The results from the empirical study show demographic factors such as income, unemployment rates, young driver ratio, and population density were all significant in areas with low rates of alcohol-related fatalities; while only income and population density were significant in areas with high rates of alcohol-related fatalities. Considering the numbers of coefficients, we also find that lower beer tax and declined economic conditions (such as decreased income or increased unemployment) are correlated with higher rate of alcohol-related fatalities with impact greater in areas with low alcohol-related fatalities than in high fatality areas. Additionally, increased numbers of young drivers in areas with low rates of alcohol-related fatalities result in increased fatalities, whereas they did not significantly affect the fatalities in the areas with higher rates of alcohol-related fatalities. This implies that in areas with low alcohol-related fatalities (as compared to high fatality areas), drinking habits and attitudes may be restrained more easily by stricter drinking and driving policies and these areas are influenced to a greater extent by economic and demographic conditions.
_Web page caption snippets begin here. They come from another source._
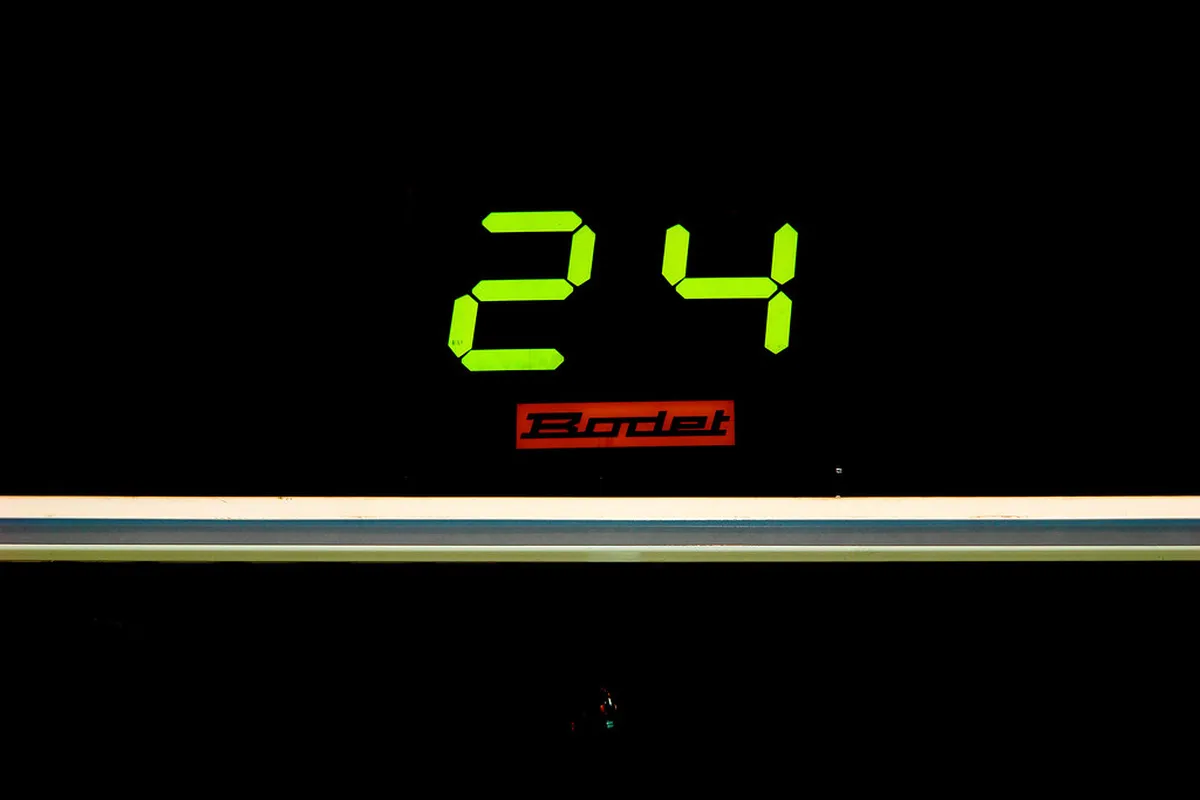 How to Find Vevey Secret Spots: Your 2025 Guide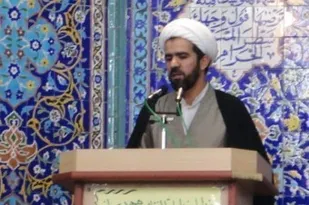 مساجدگلپایگان در ماه رمضان،میزبان 130مبلغ دینی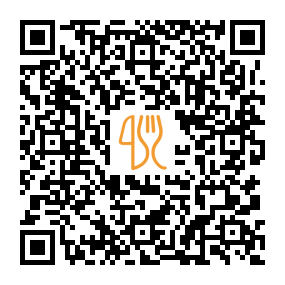 QR-code link para o menu de L'Assiette Gourmande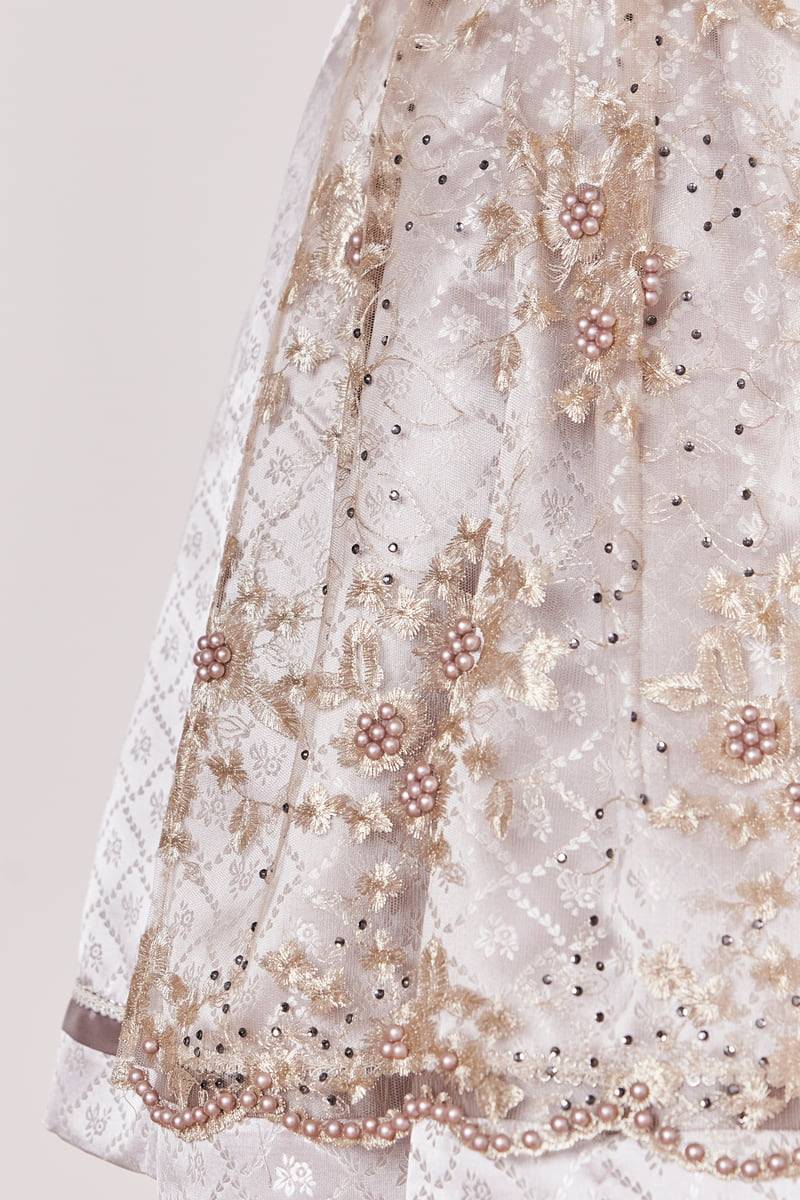 Krüger Madl Dirndl Nena (60 cm) Tägliche Deals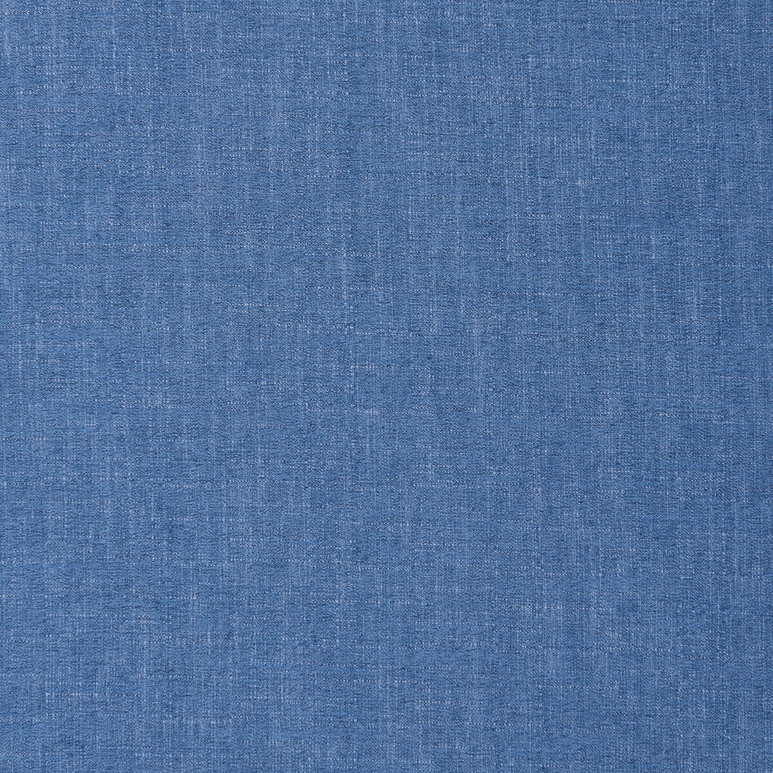 Kravet 37080.5.0 Fabric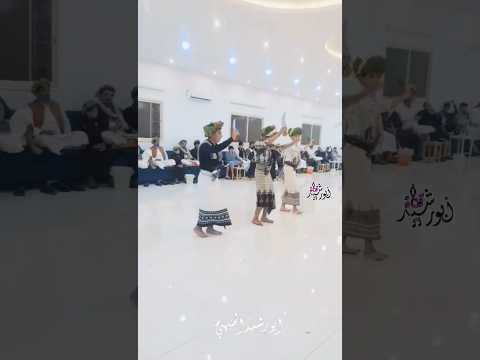 بلدي شارقي افراح منبه خولان بن عامر جديد تراثيات اكسبلور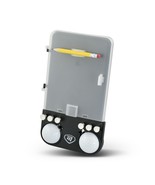 MASTERS GOLF Deluxe Trolley Scorecard Holder - $297.37 MXN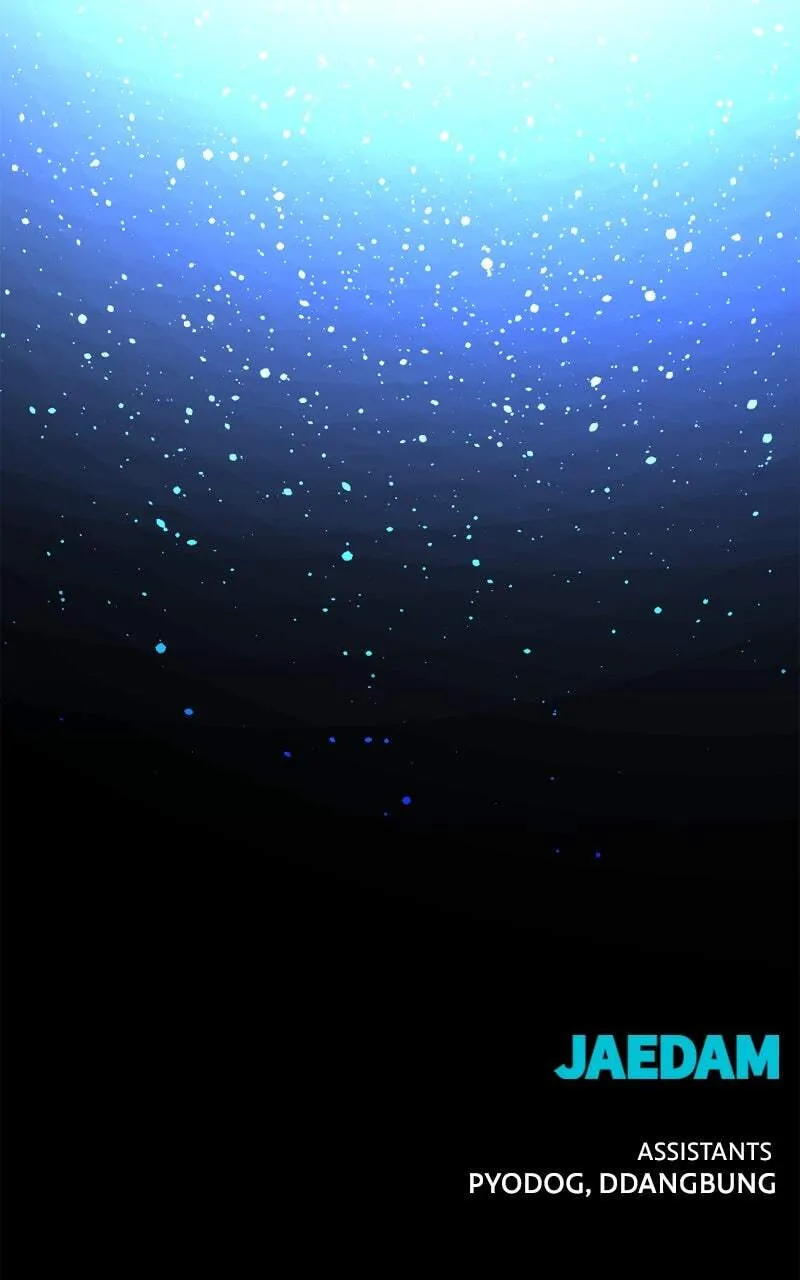 Hero Killer Chapter 218 — Page 121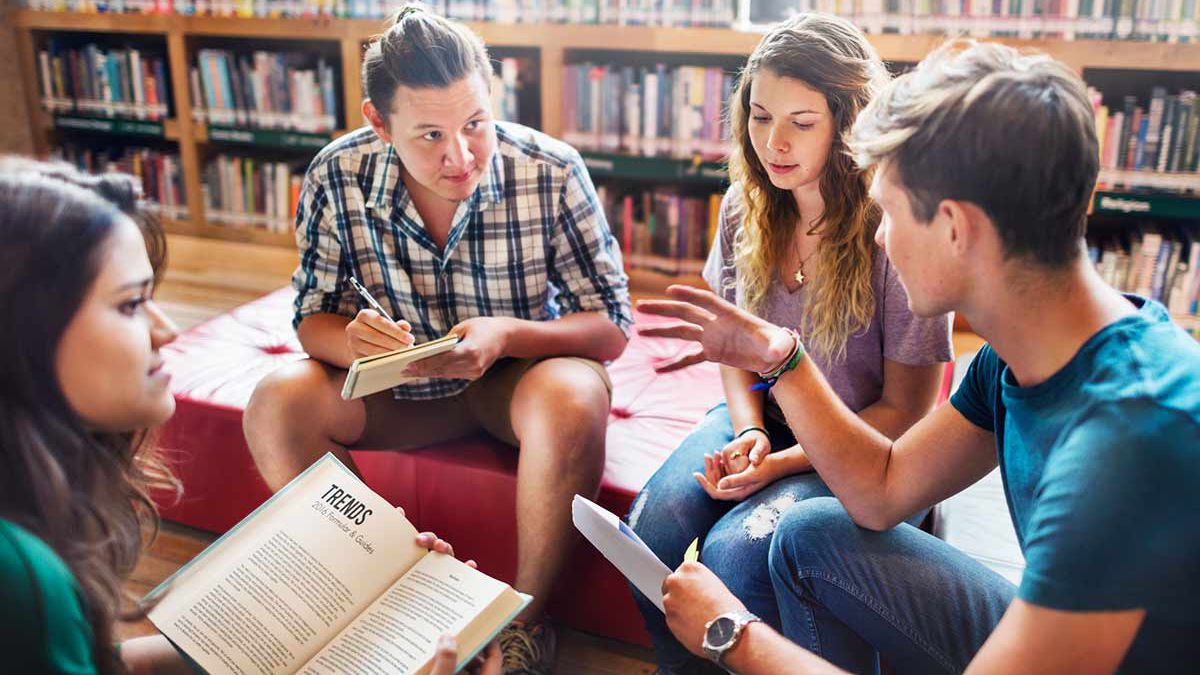 Două universități din Moldova, incluse într-un clasament internațional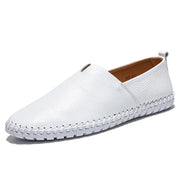 Blanc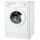 Indesit IDV 75 EU Ablufttrockner, 7 kg , Energie B Bild 1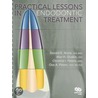 Practical Lessons In Endodontic Treatment by Donald E. Arens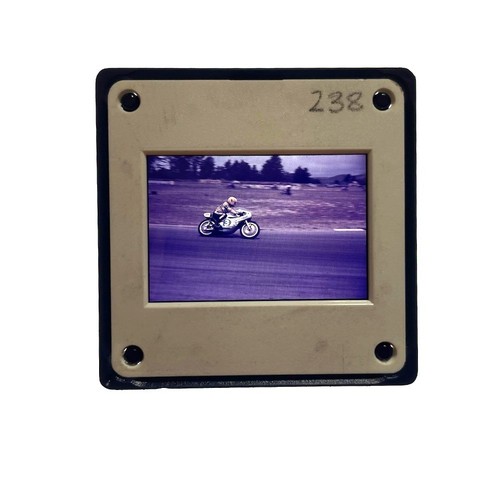 Trevor discombe yamaha - trevor,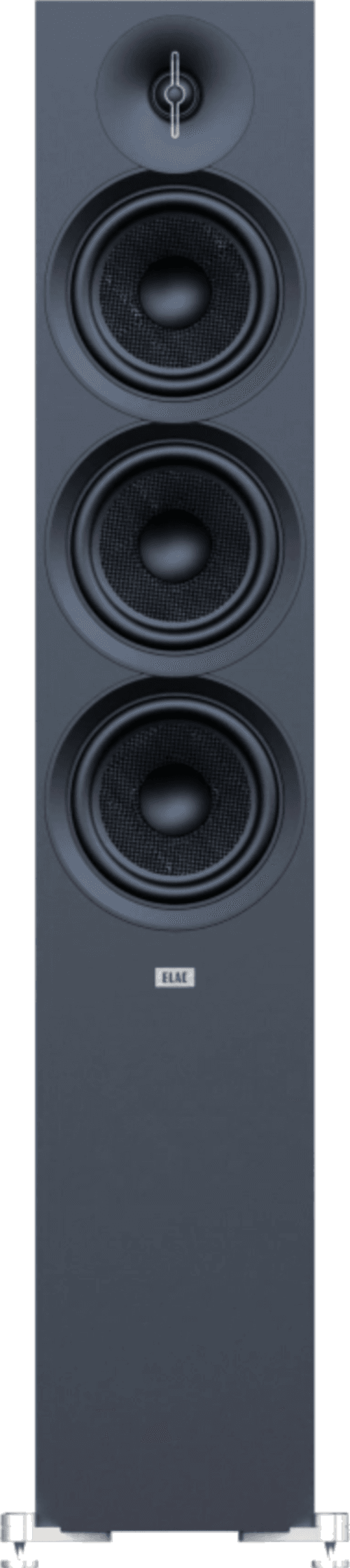 ELAC Debut DF63 front view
On the other hand, drinking habits and attitudes may not be easily changed in the areas with high alcohol-related fatalities; ex-post regulations are thus important for discouraging drinking people driving on the road. As a result, ex-post regulations are more important in the areas with high fatalities whereas preventive regulations are intended to prevent alcohol abuse and thus decrease alcohol-related fatalities in the areas with low fatalities.
Conflicts of Interest
The authors declare no conflict of interest.